# Bales per minute. A beat to death topic.



## sethd11 (Jan 1, 2012)

So I was baling grass hay the other day and I was hitting some pretty high numbers an hour. I am using the NH 5070 hay liner w/ Kuhns 18 bale accumulator. I was making half way decent bales 3rd cutting. 38-43 bales every 3 minutes. Brought up the idea in my head of everyone elses record hay bales per hour. It was like I couldn't break a shear pin. Anyways let me know what you guys can do and with what equipment!


----------



## sethd11 (Jan 1, 2012)

A video of said endeavor


----------



## 8350HiTech (Jul 26, 2013)

How many bales per minute?


----------



## JayTN (Jul 12, 2015)

Looks like you were moving on pretty good. I really don't do many squares anymore, so I really don't push it. But I do around 25 to 30 Bermuda 5x5 1/2 round bales an hour with my 1875 Gehl twine tie roller. That's probably not many compared to some of the newer balers but it's plenty an hour for me. Plus the less I push my equipment, the longer it will last.


----------



## sethd11 (Jan 1, 2012)

I guess about 10-14. The bales didn't even look that bad surprisingly. I always don3 minutes because I have a manual acid applicator so that's how I calculate tonnage and such


----------



## 8350HiTech (Jul 26, 2013)

sethd11 said:


> I guess about 10-14. The bales didn't even look that bad surprisingly. I always don3 minutes because I have a manual acid applicator so that's how I calculate tonnage and such


Ah. I wasn't sure if the 3 minutes was a typo or not. Don't see that as a unit of measure every day!

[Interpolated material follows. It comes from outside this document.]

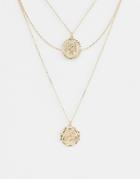 Asos Design Multirow Necklace With Vintage Style Icon Pendants And Fine Chains In Gold - Gold
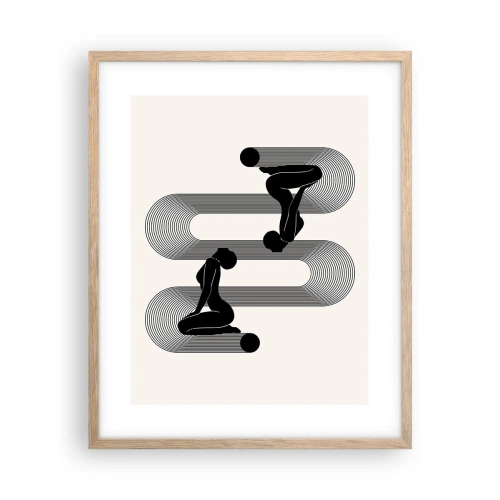 Poster in light oak frame - Sensual Symmetry - 40x50 cm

I'm not even sure what my best is. I'm usually just happy to get finished.


----------



## sethd11 (Jan 1, 2012)

Always do that because I tKe that x20 and get bale an hour


----------



## mlappin (Jun 25, 2009)

Been a long time since done squares, can do a thousand pound round bale a minute in good conditions, that includes wrapping and ejecting, thats roughly a 50b small square every 3 seconds.


----------



## mlappin (Jun 25, 2009)

8350HiTech said:


> I'm usually just happy to get finished.


Yep, I baled my last round bale of hay tonight of the year, took over ten days to get the last of it dry, have 50 acres I was planning on a frost cut, gonna clean the mower, tedder and rake up and park em deep in the barn so I don't get stupid with that last 50.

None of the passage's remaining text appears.